O outro garoto inclinou-se atrás dele e cochichou algumas palavras truncadas que não consegui entender.
O primeiro então acenou com a cabeça e falou:
— Ah, sim, sim, mas… é… uma prazer conhecer-vos.
Suas palavras eram acompanhadas por gestos, como se ele estivesse tentando transmiti-las também com as mãos.
Sem entender muito bem, inclinei-me na esperança de que a maior proximidade revelasse seu sotaque.
— Perdão?
O garoto de trás falou:
— Ele disse que é um prazer conhecê-la.
Apertei os olhos, ainda confusa.
— Meu nome é Henri — ele se apresentou com uma reverência.

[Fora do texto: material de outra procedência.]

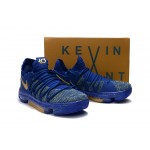 Kevin Durant KD10 "Royal" Blue/Gold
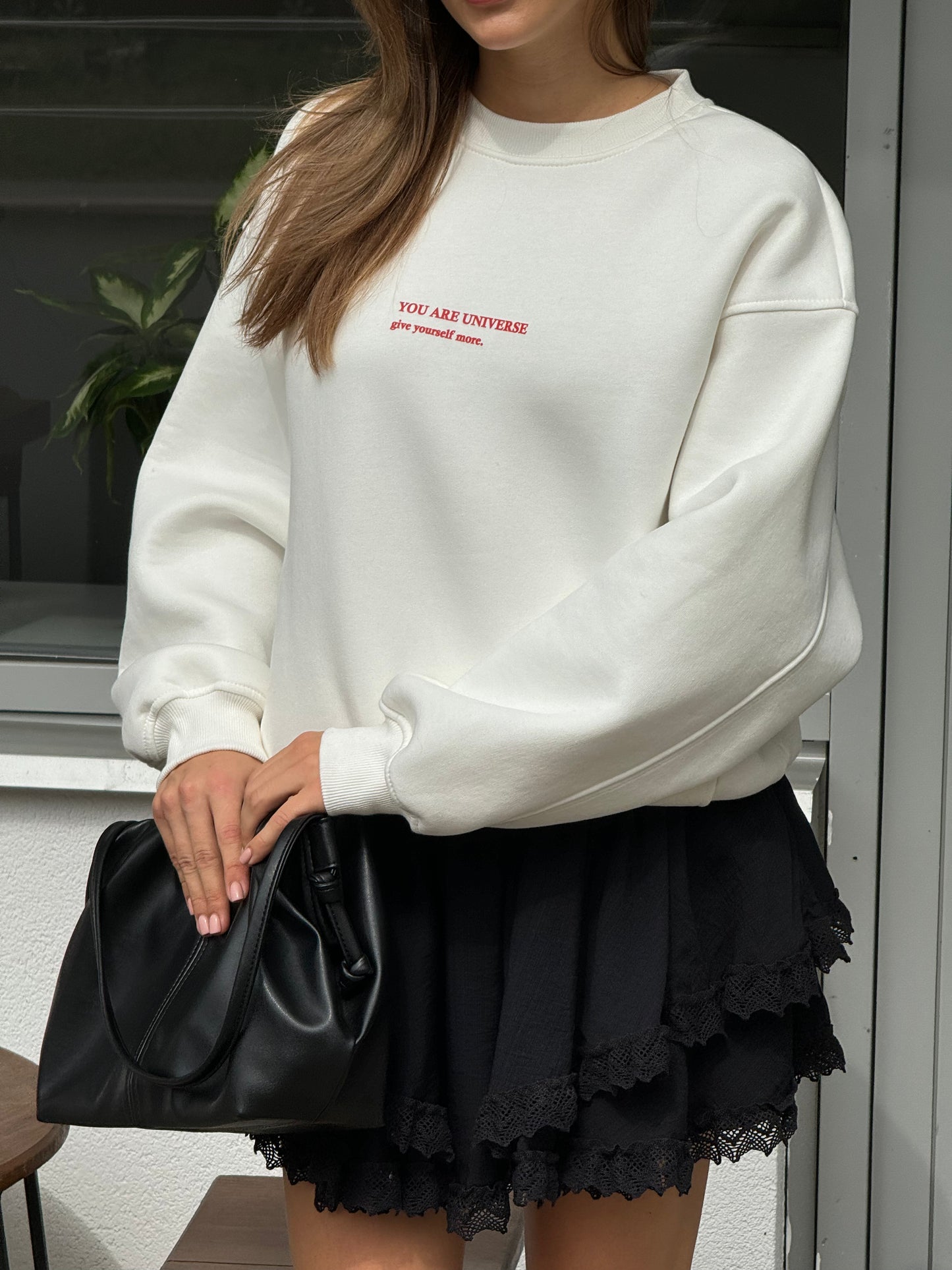 SWEATSHIRT WOW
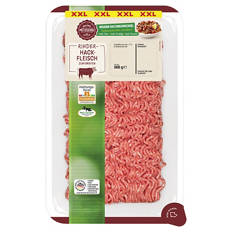 Hackfleisch vom Rind 800 g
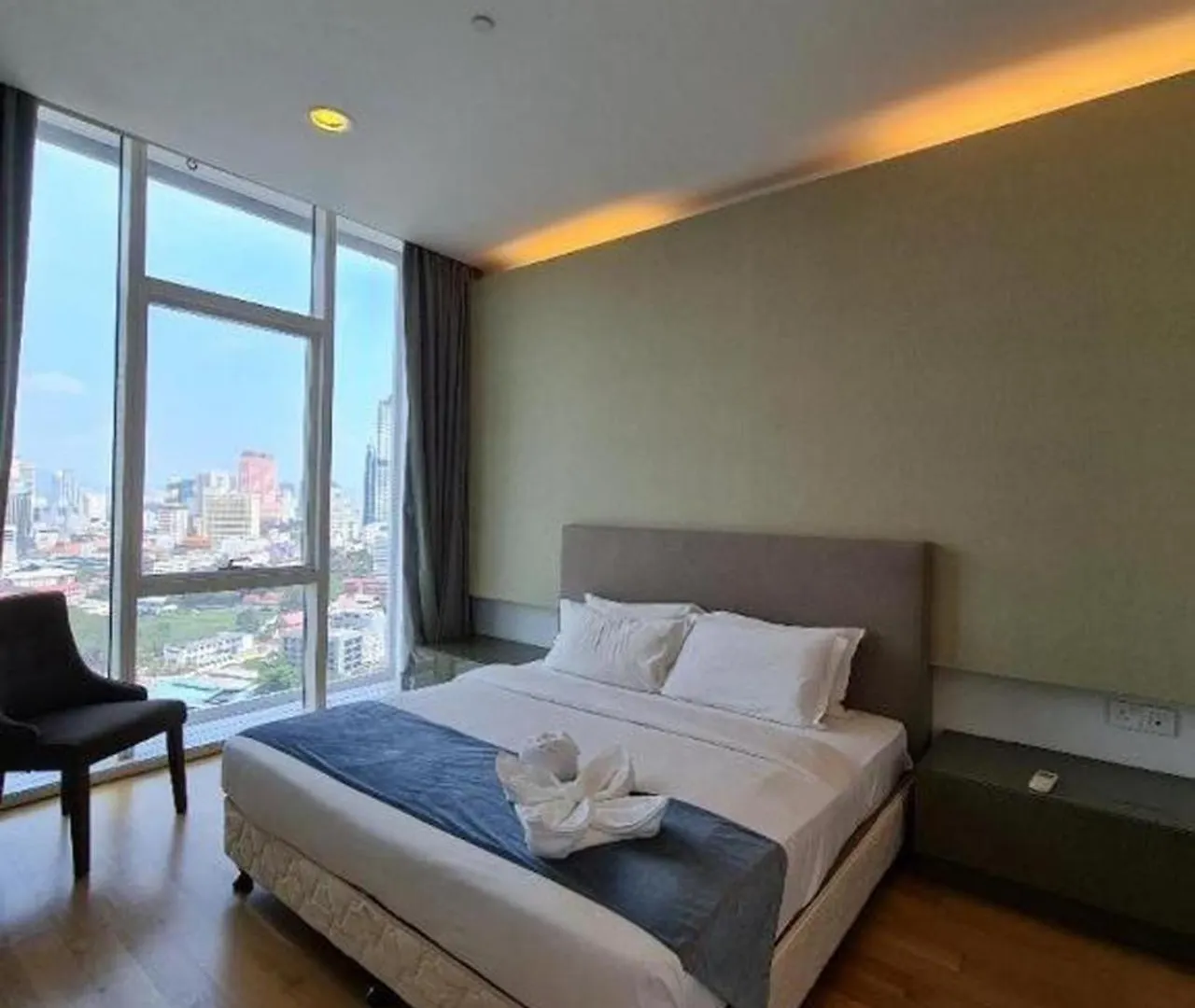 Klcc Sky Villa Suites Platinum Kuala Lumpur Malezja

Percebi que desejava ter feito isso antes, mas esquecera.
Não querendo ser rude, acenei com a cabeça e retribui o cumprimento:
— Olá, Henri.
O som do próprio nome o deixou animado, e ele começou a olhar de um lado para outro, para mim e para o cavalheiro atrás de si.
— Não pude deixar de notar seu sotaque — comentei, tentando parecer amistosa. — De onde você é?
— Humm, Norué…? — ele começou, antes de se voltar para o convidado de trás.
Ele inclinou a cabeça e continuou a frase no lugar de Henri:
— Sir Henri nasceu na Noruécia e por isso tem um sotaque finlandês muito carregado.
— Ah — foi minha reação. — E ele fala bem inglês?
Henri interveio:
— Inglês, não, não.
Ele não parecia envergonhado, porém. Na verdade, ria como se isso não tivesse importância.
— E como vamos nos conhecer?
O tradutor virou para Henri:
— Miten saat tuntemaan toisensa?
Henri apontou para o tradutor, que respondeu:
— Com a minha ajuda, parece.
— Tudo bem. Hum…
Eu não estava preparada para aquilo. Seria rude da minha parte dispensá-lo? Interagir com cada um deles individualmente já seria bastante constrangedor. Não estava preparada para um terceiro elemento.
Naquele instante, o formulário de Henri apareceu na minha mente. Era por isso que algumas palavras tinham erros de ortografia. Ele não sabia direito a língua.
— Obrigada. É um grande prazer conhecê-lo também, Henri.
Ele sorriu ao ouvir seu nome, e tive a impressão de que o resto das palavras sequer importava. Eu não podia mandar esse rapaz embora.
— O Salão dos Homens é por ali.
Henri curvou-se enquanto o tradutor sussurrava as instruções, e ambos se afastaram juntos.
— General Leger — chamei com o rosto enterrado nas mãos.
— Sim, Alteza.
— Diga ao meu pai que vou falar com ele em uma hora, por favor. Preciso de uma caminhada.